Dans un article intitulé « Être arabe à vingt ans », il écrit : « Etre arabe, avoir vingt ans et ne pas laisser dire que c’est le plus bel âge de la vie. Avoir vingt ans, errer sans formation ni logements dans les rues surpeuplées, dévastées, et ne plus croire à un seul discours de régimes selon les cas totalitaires, corrompus, incompétents ou impuissants… Avoir vingt ans et être une femme arabe sous tutelle, juridiquement diminué, politiquement inexistante, majoritairement analphabète, colonisée de l’intérieur, voilée ou déshabillée, achetée ou répudiée… Etre arabe et se souvenir que Baschar Ben Burd, Abû Nuas, Ibn al Mukaffa, Al Hallaj, Ibn Khamîs, Ibn Zaydoun , Suhrawardi ont été assassinés par un pouvoir établi au nom de la religion. C’est dire qu’aujourd’hui encore de nombreux intellectuels font l’objet de sévices et d’assassinats… » Et pour finir sur une note optimiste, il dit : « Avoir vingt ans et être arabe, c’est peut-être aussi croire qu’il n’y a pas de fatalité dans le malheur ».
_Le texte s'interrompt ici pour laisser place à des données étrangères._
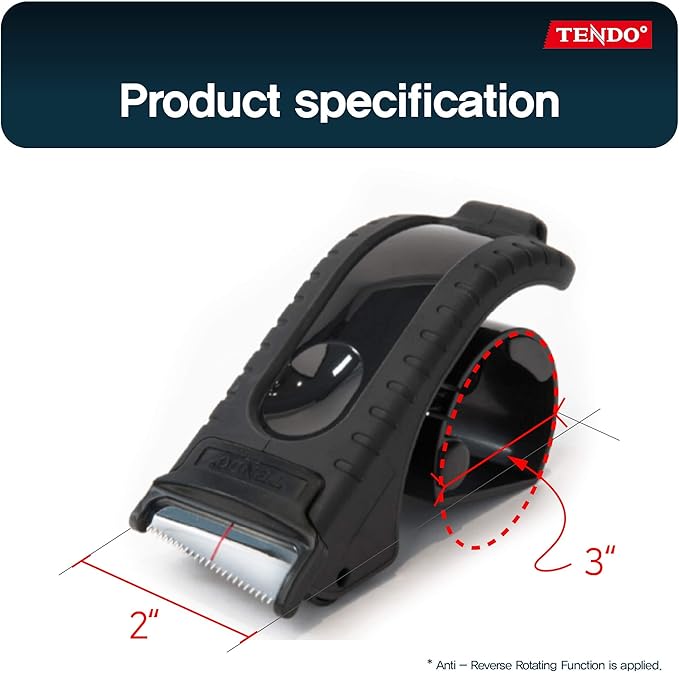 Heavy Duty Shipping Tape Dispenser: TENDO째 Essential Line ??Reusable, Replaceable, Eco-Friendly 2?쇺?Master Piece Dispenser with Patented 10째 Sloped Chromium Blades - P-1200 (3th Gen.)_Black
Dans cet article et dans beaucoup d’autres, Bencheikh exprime une inquiétude qui s’est accentuée avec la montée de l’extrémisme religieux et son impact sur l’image de l’islam, partout dans le monde.
Peut-on parler de Bencheikh, surtout quand on est ami avec lui, sans évoquer le côté humain ? Évoquer son amitié ce n’est pas pour parler de soi-même, mais pour dire que le moi se multiplie et s’intensifie au contact de l’autre, surtout quand cet autre est rayonnant et intense.
Je n’oublierai jamais une rencontre chez lui, Place des Ternes, au début des années quatre vingt dix. Il nous avait invité pour nous montrer son nouveau livre « Alchimiques » illustré par l’artiste Sara Wiam. A l’entrée, nous avions remarqués qu’il avait exposé nos livres, les livres de ses amis, les uns à côté des autres, sur des petites tables ; puis dans un coin à l’écart, se trouvait son livre que sa complice Claudine ouvrait, page après page, comme si elle nous invitait, avec son sourire accueillant, au festin.
Si je reviens sur cette histoire aujourd’hui, c’est parce qu'elle résume la grandeur de son âme et la chaleur de son amitié. Lui, l’éveillé, le doux, le tendu, le susceptible, le coléreux, mais de cette colère qui élucide l’obscur et rend toutes choses, une seconde après, brillantes et sereines.
Dans la littérature comme dans la vie, Bencheikh était un. Il appartenait aux gens vrais, c’est-à-dire à une minorité. Dans son absence, nous avons le sentiment d’avoir perdu quelque chose de nous-mêmes. Comme cette communauté d’indiens qui au départ de l’un des leurs se sent diminuée.
Cher Jamel Eddine, là où tu es maintenant, je te demande : ton voyage a-t-il pris fin vraiment, ou bien est-ce la fin du regret ? Le regret des pays perdus, de voir le monde arabe accablé par la guerre et la régression. Et aussi le regret de Paris qui ne pouvait plus contenir le chagrin de ton cœur.
Pour conclure, je me permets de te citer : « L’insaisissable n’aura pas survécu mais il a fait promesse d’avenir. Nous garderons sur les mains les parfums de l’amour qui sont le seul message de nos corps menacés… ».